SUPREME COURT OF THE STATE OF NEW YORK Appellate Division, Fourth Judicial Department


December 23, 2011

THE PEOPLE OF THE STATE OF NEW YORK,
RESPONDENT,
v.
TRENTON L. IVERSON,
DEFENDANT-APPELLANT.

Appeal from an order of the Monroe County Court (Frank P. Geraci, Jr., J.), entered January 29, 2010.

People v Iverson

Decided on December 23, 2011

Appellate Division, Fourth Department

Published by New York State Law Reporting Bureau pursuant to Judiciary Law § 431.

This opinion is uncorrected and subject to revision before publication in the Official Reports.

PRESENT: SMITH, J.P., FAHEY, CARNI, SCONIERS, AND GORSKI, JJ.

The order determined that defendant is a level three risk pursuant to the Sex Offender Registration Act.

It is hereby ORDERED that the order so appealed from is unanimously affirmed without costs.
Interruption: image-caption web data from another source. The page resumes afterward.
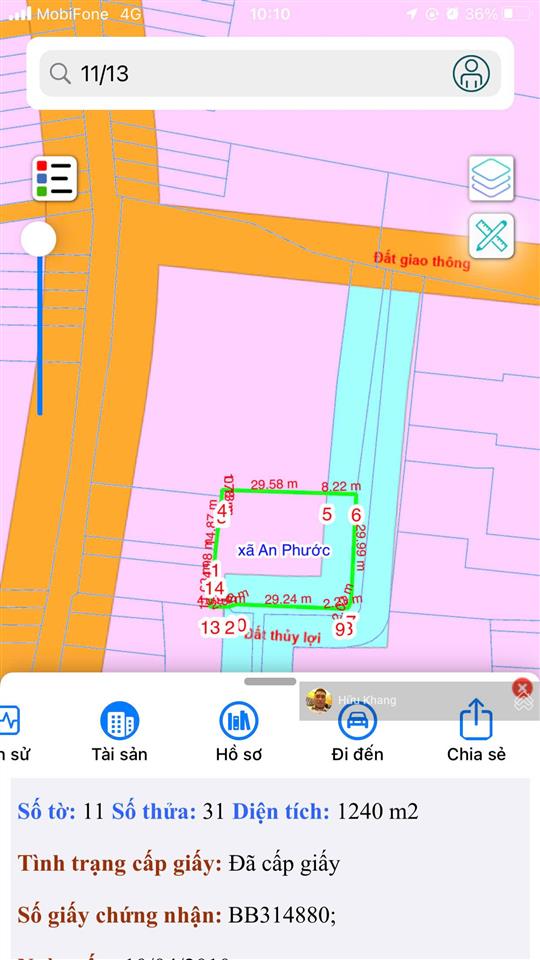 Đất vàng an phước, 80,9m mặt tiền nhựa, 550m2 thổ cư, 2 sổ, sát kcn, giá siêu hời 40 tỷ tl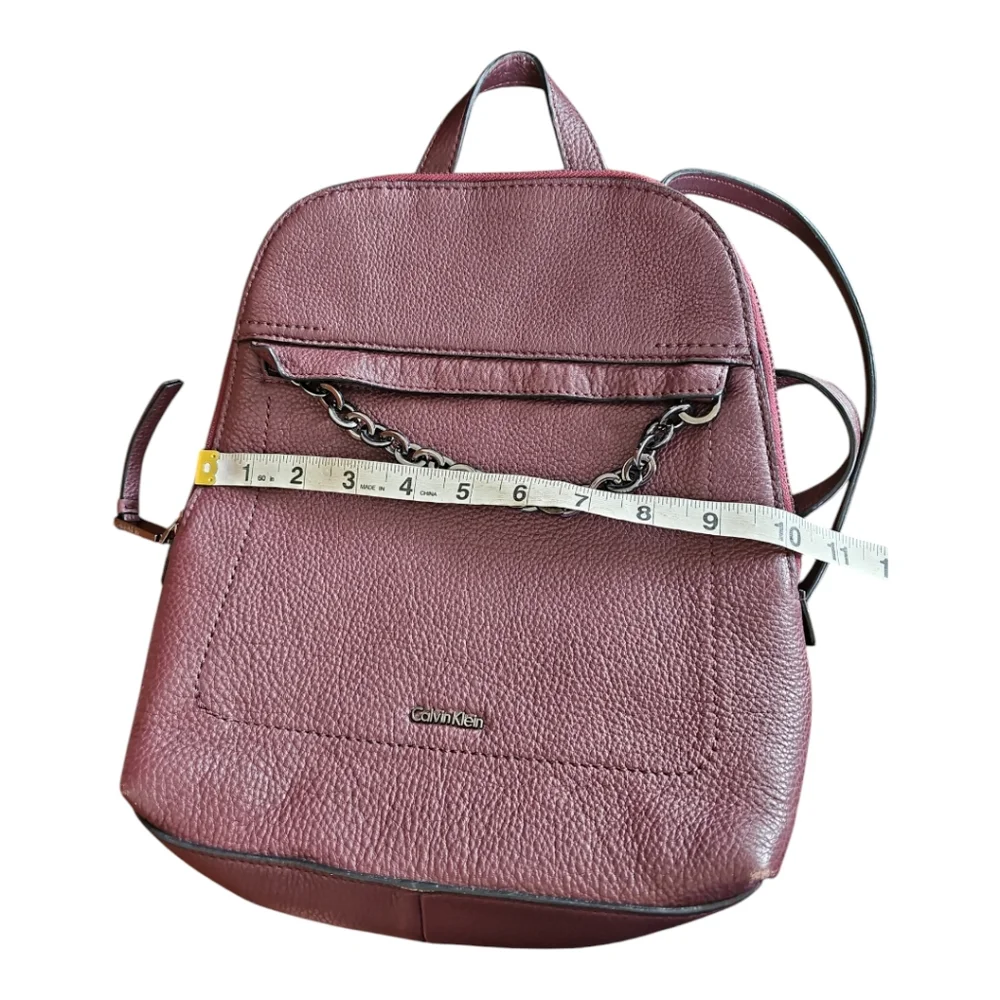 Calvin Klein Hera Lamb Leather Backpack Burgundy Chain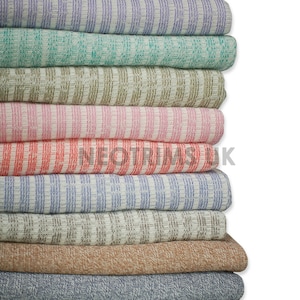 Rib Knit Fabric,Ribbed Jersey Fabric 2 Colour Melange Marl 4x2 Ribbed Ottoman Material for Dressmaking and Crafts Projects,by Neotrims UK
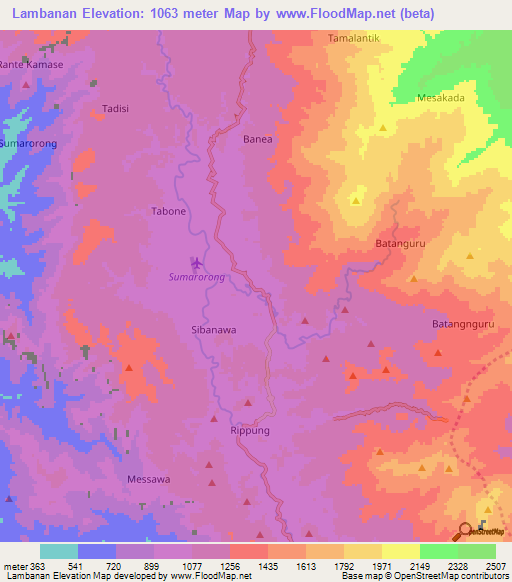 Lambanan,Indonesia Elevation Map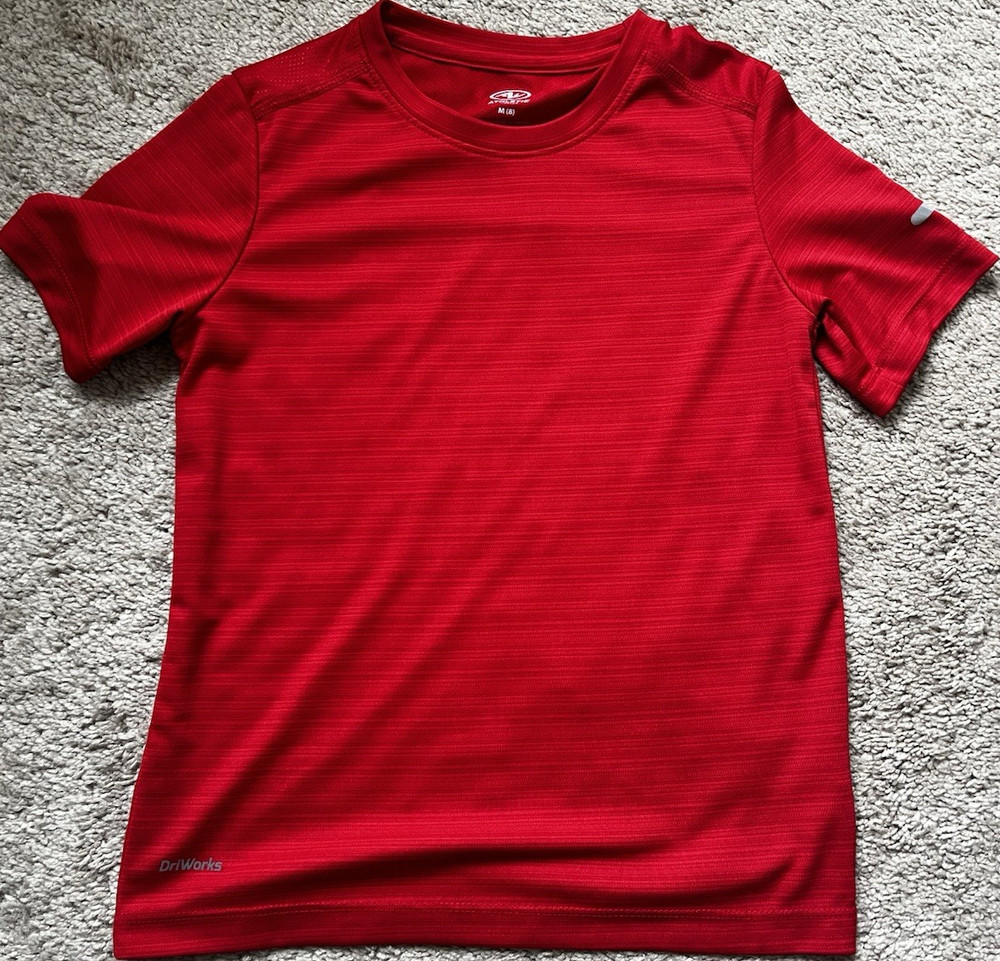 Athletic Works Boys DriWorks Red Short Sleeve Crew Neck T-Shirt Size M (8)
Memorandum: Defendant appeals from an order determining that he is a level three risk pursuant to the Sex Offender Registration Act ([SORA] Correction Law § 168 et seq.). Defendant was previously classified a level one risk pursuant to SORA, and he contends that the People were required to file a petition seeking modification of his risk level pursuant to Correction Law § 168-o (3). Defendant failed to preserve that contention for our review (see generally People v Windham, 10 NY3d 801; People v Charache, 9 NY3d 829, 830; People v Daniels, 86 AD3d 921, 922, lv denied 17 NY3d 715) and, in any event, that contention is without merit. Correction Law § 168-o (3) does not require the filing of a petition to modify the classification of a sex offender convicted of a new qualifying sex offense (see § 168-a [2] [a]).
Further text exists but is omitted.